**Entries supplied:**

######

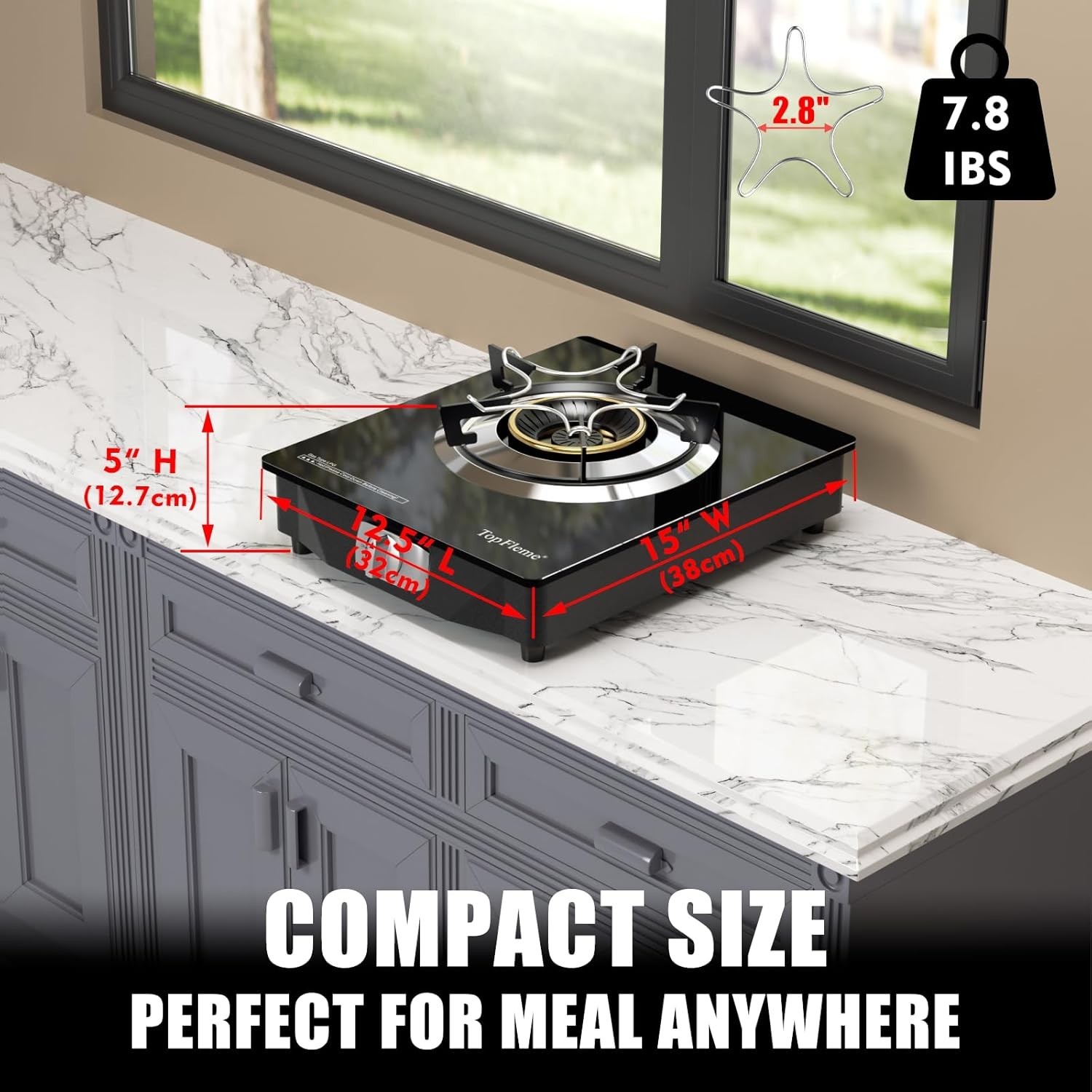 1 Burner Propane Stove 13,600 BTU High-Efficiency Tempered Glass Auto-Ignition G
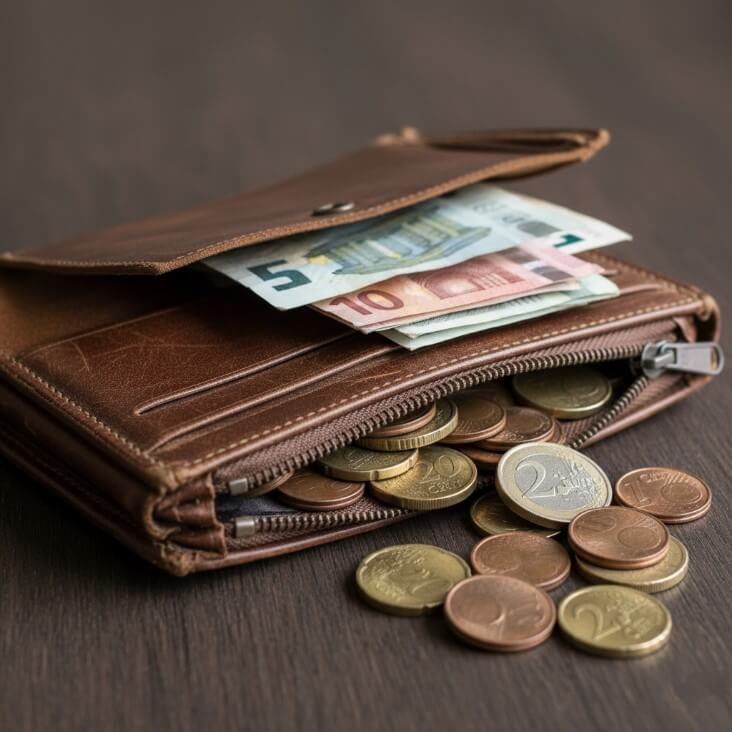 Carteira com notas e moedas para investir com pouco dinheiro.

######

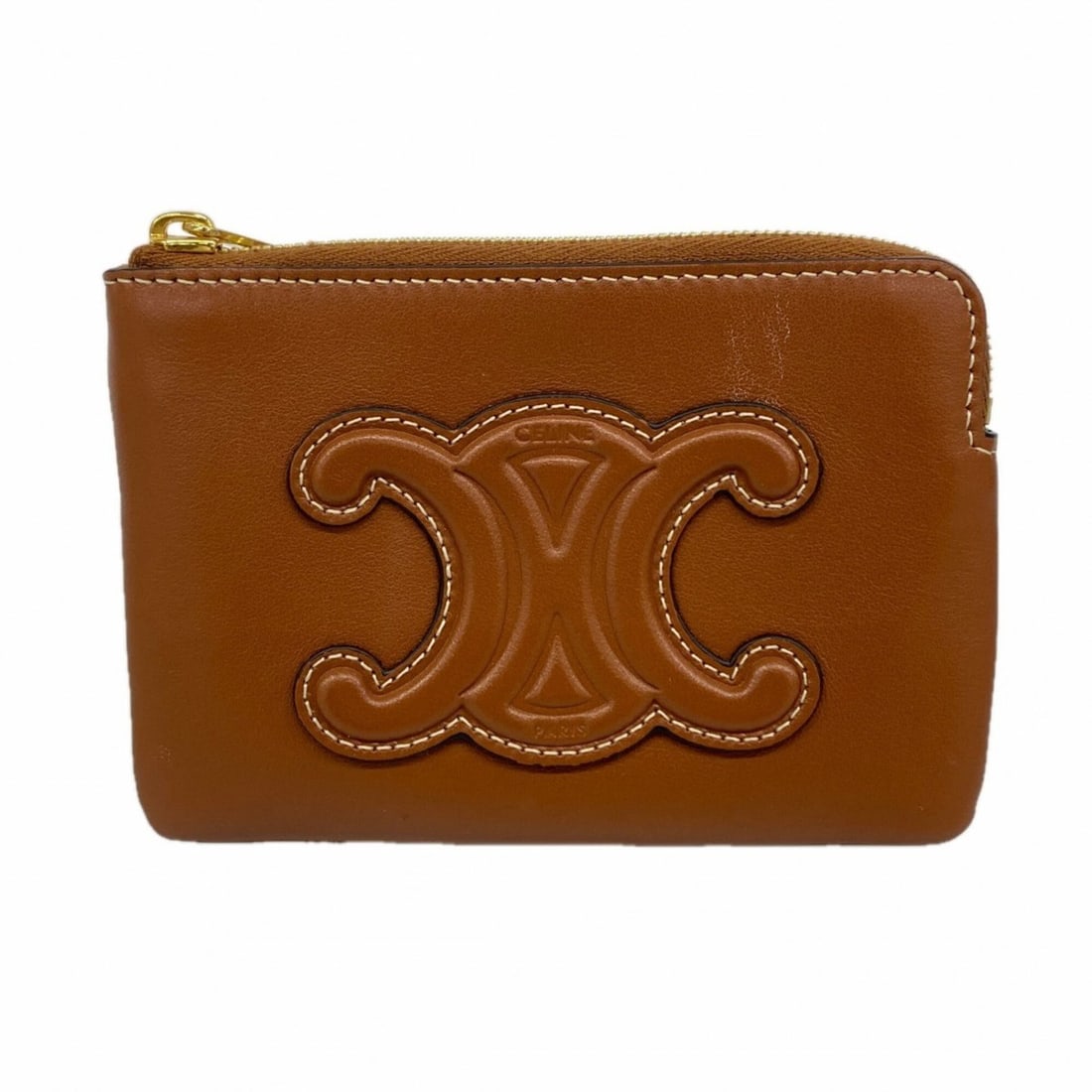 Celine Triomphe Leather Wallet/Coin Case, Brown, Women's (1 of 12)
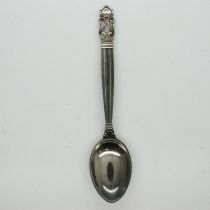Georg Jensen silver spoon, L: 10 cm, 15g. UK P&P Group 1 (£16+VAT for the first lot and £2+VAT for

######

**Task prompt:**
Word for word, retype the lines in the entries above that run from the one with "1 Burner Propane" through the one with "Carteira com notas". Both ends count; pictures do not.

**Solution for this task:**
 1 Burner Propane Stove 13,600 BTU High-Efficiency Tempered Glass Auto-Ignition G
 Carteira com notas e moedas para investir com pouco dinheiro.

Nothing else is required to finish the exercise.